Note: it's a pleasure to read you again.

From your earlier report, which I think ties usefully to your last post (to which I'm replying):
Then normalcy, boring, it's like where did my practice going, have I lost my mindfulness? Trying hard at this stage will take me backwards, but going with the flow takes me into the polarising extremes of the mini-dark night.


And to follow up on the point you excerpted from Tarin and approximately focusing on these other sentences you wrote (not dismissing the others, just excerpting for some honing in:
Another main front on the battle of my practice is to, relax the mind which is stopping me from developing deeper concentration. It seems to be that, as with a lot of stuff at this stage you can't really force it to happen because a lot of thoughts and formations are at a subtle level, Alan B Wallace's model of concentration talks about subtle excitation, these thoughts really are a lot quieter and hard to catch/interrupt and stop. So I'm working on that resentment and attachment to control, while staying attentive the moment and bare sensation
(...)
Return again, again to who is (this happening to) and, calm and relax, and the breath. If I can' hold the breath be the awareness around the breath. If the thoughts are grasping I can return to the breath or see the feeling/grasping or be the awareness. If the awareness is grasping a self, return to the breath rising falling and calming relaxing. That kind of thing?

So I think here mind -- the mind that exists due to successfully inherited survival-instinct over lots of reproductive cycles --- this mind is naturally still forming heirarchies of conditions, even though where you are (on retreat, say) is basically meeting all needs: safety, food, water, shelter, even social/non-isolation.

But still the mind is looking for "better" (this is what I am saying from my experience, tho, so take with a grain or bucket of salt). Despite all that mind-watching of arising and passing phenomena, and despite all that body-watching of arising and passing phenomena, and despite very open (even blissful) body-mind-space and even boundarylessness, the mind is still hunting for a better.

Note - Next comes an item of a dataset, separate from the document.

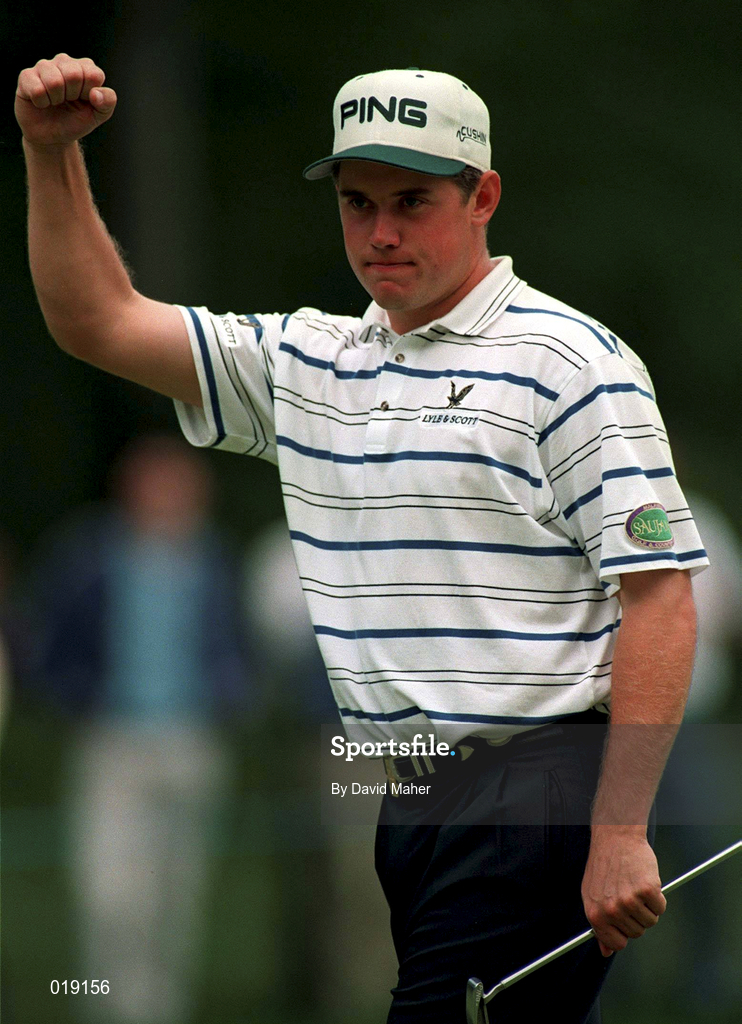 5 July 1997; Lee Westwood of England during the third round of the Murphy's Irish Open Golf Championship at Druid's Glen in Wicklow. Photo by David Maher/Sportsfile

What the mind can do now, if there is conviction in letting go, is really let go.

How?

Now these next paragraphs is just for 'subtle' meditation (and people who can stomach reading verbosity); if a new meditator is reading, this should not be extrapolated broadly about life in general-- it would seem nuts, nihilistic for someone not in subtle mental terrain in a safe, well place like a decent meditation center:

A mind really has to sit there with all the arising and passing of phenomena and every time there is aggitation, even subtle aggitation for something "better" (and forcing/trying to "accomplish" the meditation is part of trying for some "better"ness to occur -- which is aggitation, which is non-equanimity, which is known to be not satisfying, not peace, not a calm mental condition), and this mind must have convictionbased on all its prior observation of stuff just coming and going, "There is not another activity or place better than this to be. If I go walking in nature, even deeply quiet and calm, the mind will not have anything better there. If I go get an orange to eat, even though I'm not really hungry, the mind will not have anything better there. If I 'go' to trying harder, mind will not have anything better there (in fact tension will augment)." Knowing this, from lots of prior just-sitting, knowing this-- that no place, no action offers "better"-- that just sitting is the let go. Just sit, no tension to do something "better" nor to "try" to make anything happen.

Get food when needed, go to the toilet when needed, walk a bit when reasonable, gladden the mind in 3rd jhana (go into 2nd if needed), then just sit, help the mind stay alert (jhanas 1-3, take a yoga break if needed (There's gorgeously animated and illustrated stuff from Ray Long, MD, on his site bhandayoga.com-- a few very simple restorative poses on the back: a) some safe spinal twist for the buttocks and back, b) legs long and up against the wall for hamstrings while lying on floor, c) tadasana looking over each shoulder to stretch capitus muscles, scalenes, sternocleidomastoid.. long, slow deep breathing (LSDemoticon. LSDB alone for 3-5 minutes, with a downdog or a cow-cat or both can do a lot of releasing tension, including head and mental tension) and just sit, no tension, sit and let go of all tension in the body arising from doubt and hunting for "better" or "something else".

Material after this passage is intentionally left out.